Work to complete: In the material below, print every line exactly and omit the pictures.

Data excerpt:
────
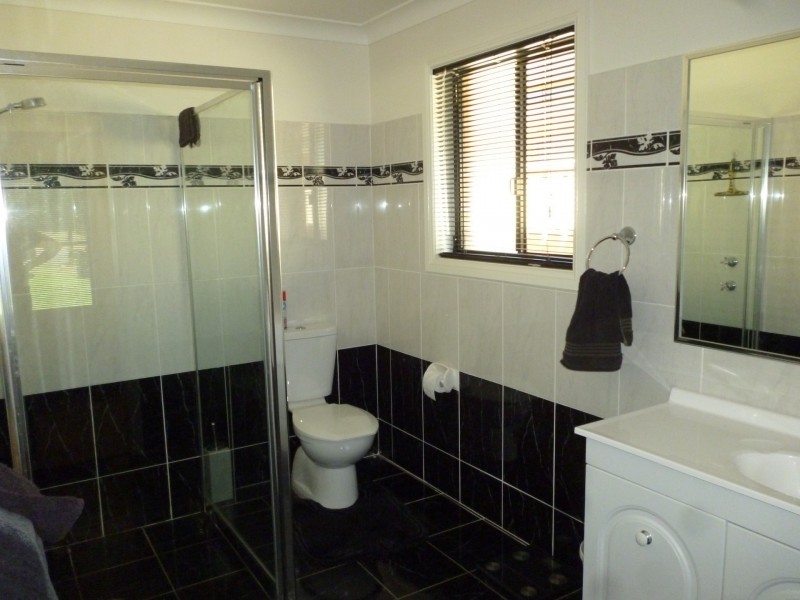10 Sunvale Avenue, Dubbo NSW 2830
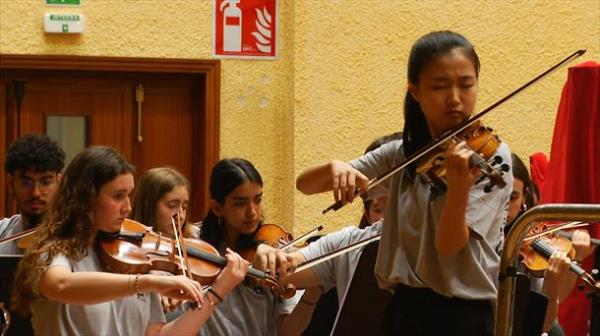 年轻的小提琴家金瑞贤陪同EGO进行夏季巡演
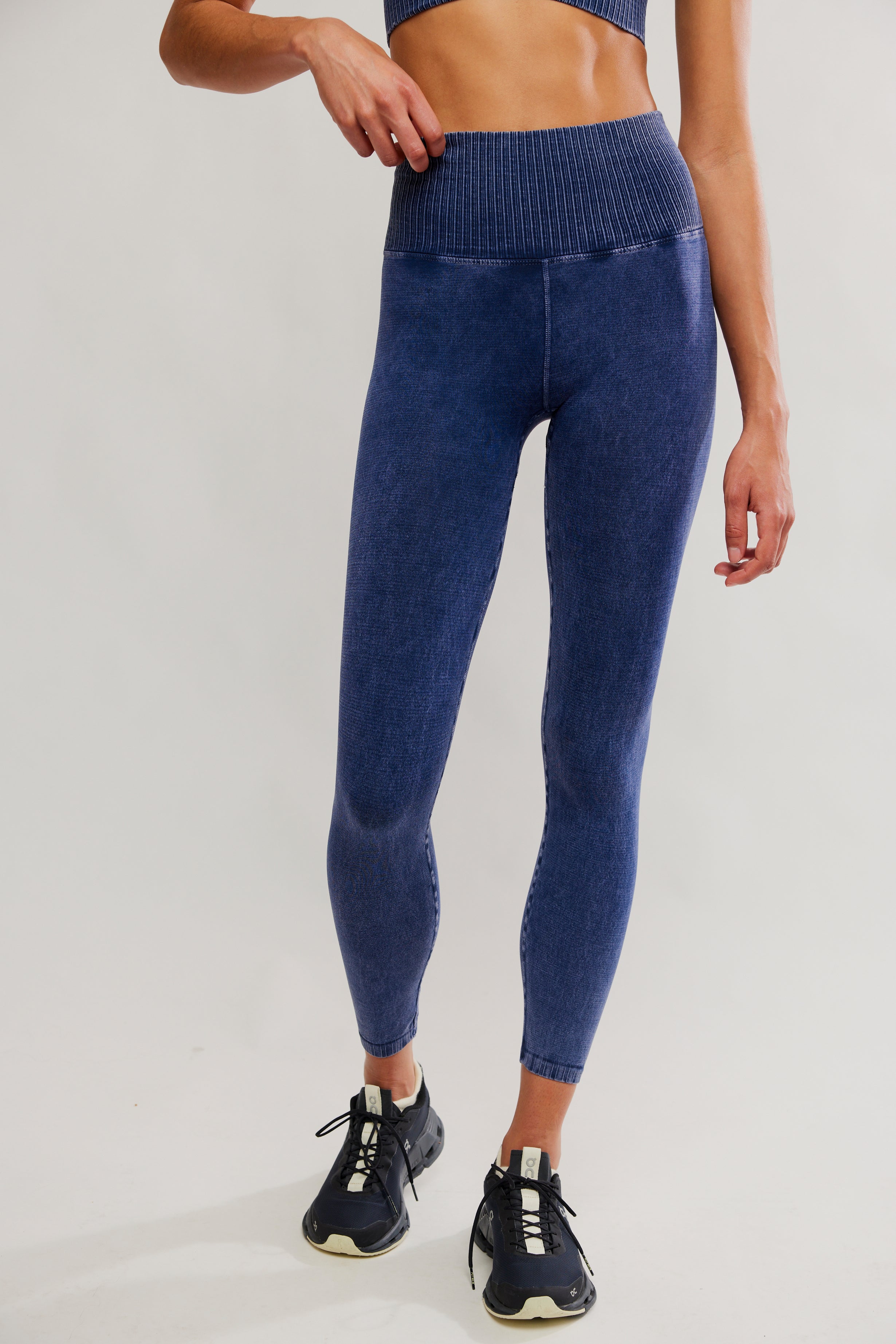 FP MOVEMENT DEEPEST NAVY GOOD KARMA LEGGING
────
Answer space:
10 Sunvale Avenue, Dubbo NSW 2830
 年轻的小提琴家金瑞贤陪同EGO进行夏季巡演
 FP MOVEMENT DEEPEST NAVY GOOD KARMA LEGGING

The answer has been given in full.